» **What you have to do**:
For the data below, retype word for word the lines from the one containing "York to Scarborough (ISBN: 9781908174239)" through the one containing "Reebok shoes - Reebok"; drop the pictures.

» **Extracted data**:

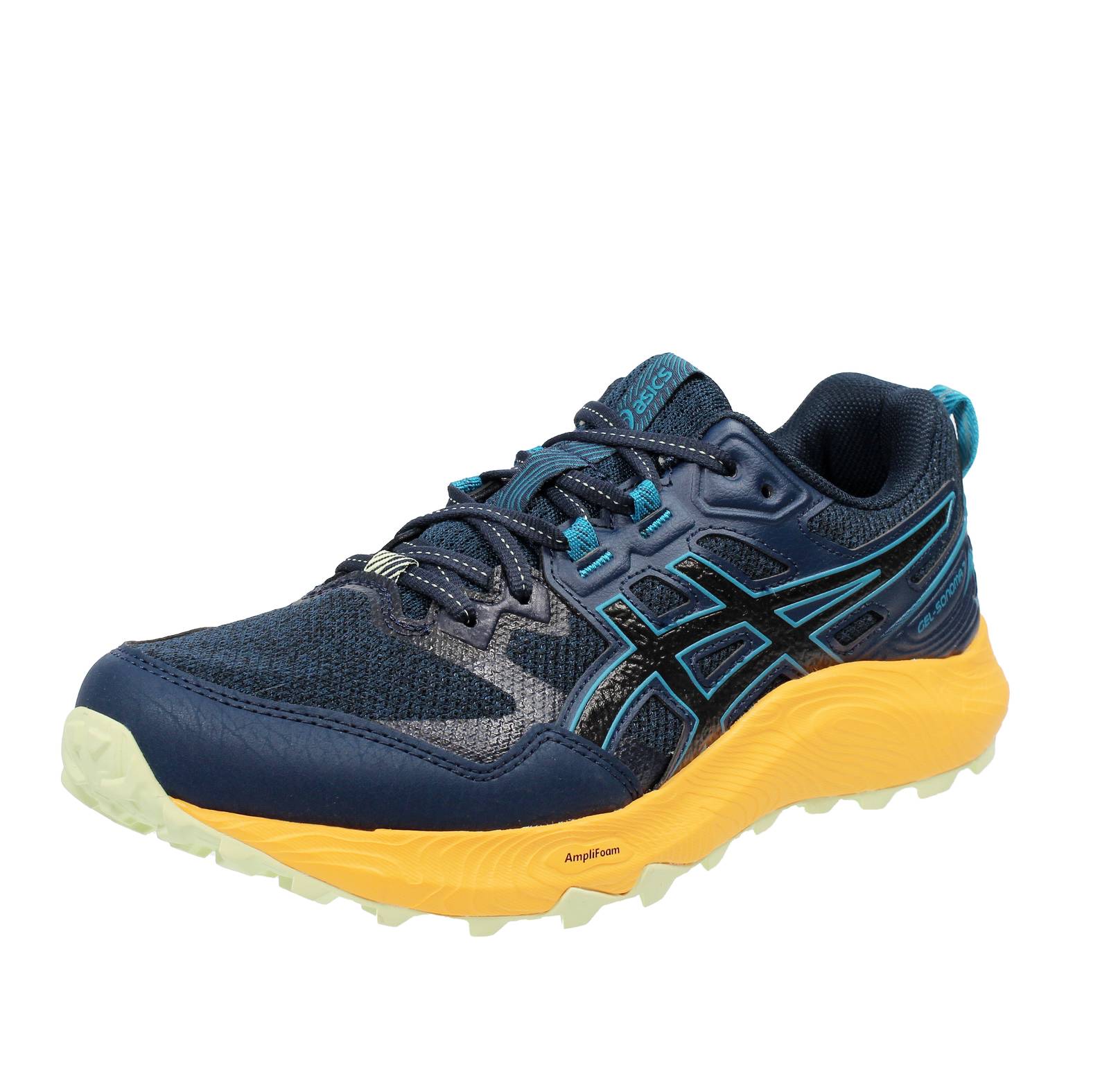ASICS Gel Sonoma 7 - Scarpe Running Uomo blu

==

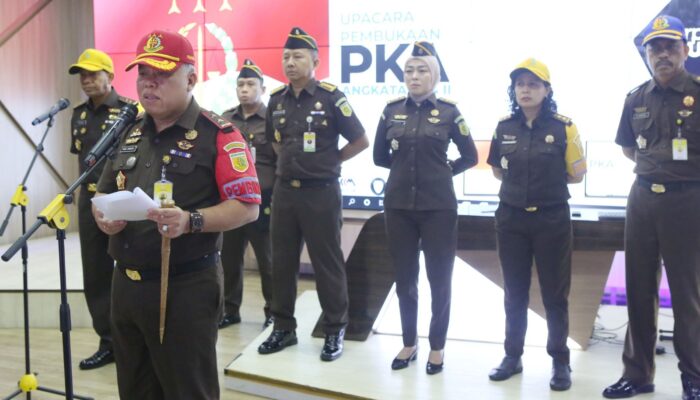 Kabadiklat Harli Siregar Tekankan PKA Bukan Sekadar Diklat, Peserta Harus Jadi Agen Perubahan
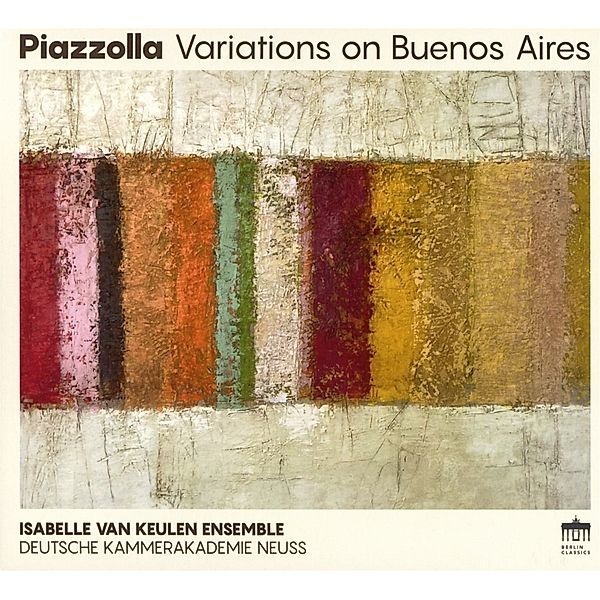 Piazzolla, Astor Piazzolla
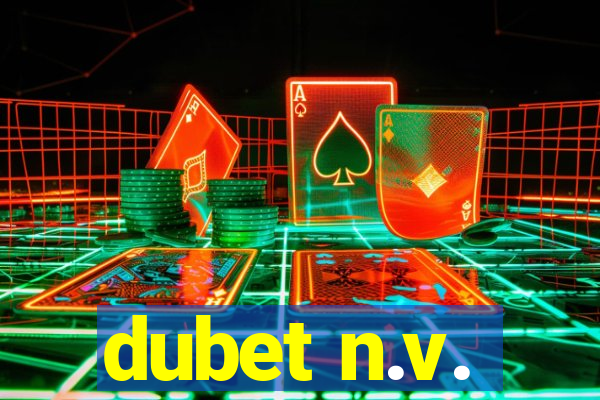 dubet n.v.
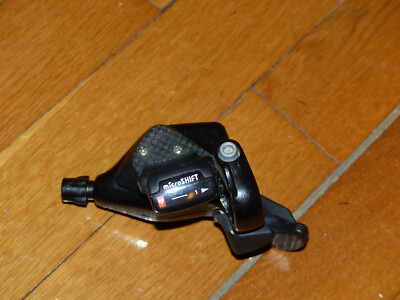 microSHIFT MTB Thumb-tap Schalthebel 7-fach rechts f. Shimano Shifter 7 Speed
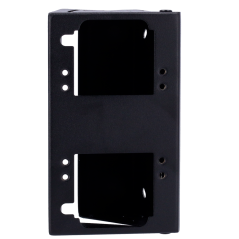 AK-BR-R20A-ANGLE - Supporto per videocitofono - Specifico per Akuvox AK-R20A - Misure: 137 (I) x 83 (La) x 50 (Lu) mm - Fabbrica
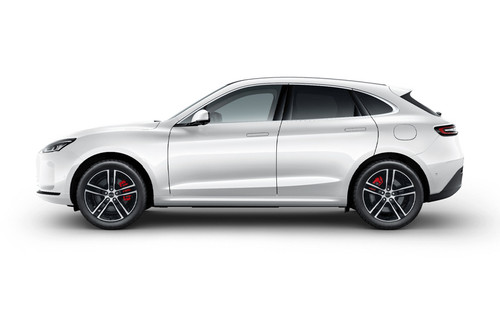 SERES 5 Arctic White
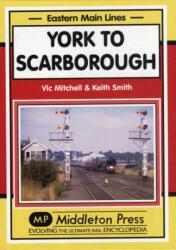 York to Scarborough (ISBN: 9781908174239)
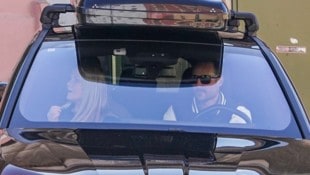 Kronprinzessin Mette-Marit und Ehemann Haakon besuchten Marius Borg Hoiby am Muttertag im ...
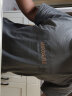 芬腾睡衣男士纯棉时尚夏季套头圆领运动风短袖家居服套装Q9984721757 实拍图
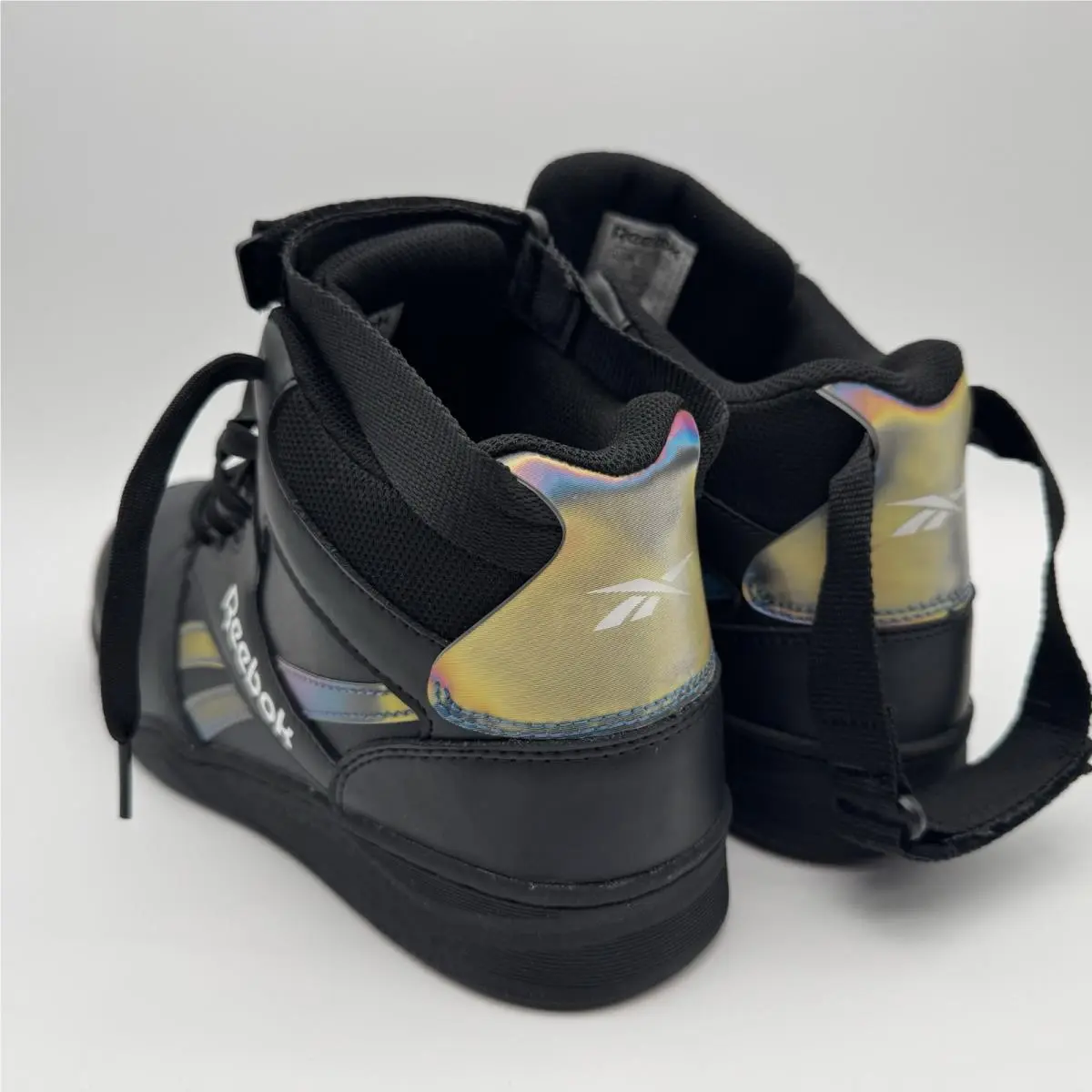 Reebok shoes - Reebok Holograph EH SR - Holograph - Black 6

» **Reply to the exercise**:
 York to Scarborough (ISBN: 9781908174239)
 Kronprinzessin Mette-Marit und Ehemann Haakon besuchten Marius Borg Hoiby am Muttertag im ...
 芬腾睡衣男士纯棉时尚夏季套头圆领运动风短袖家居服套装Q9984721757 实拍图
 Reebok shoes - Reebok Holograph EH SR - Holograph - Black 6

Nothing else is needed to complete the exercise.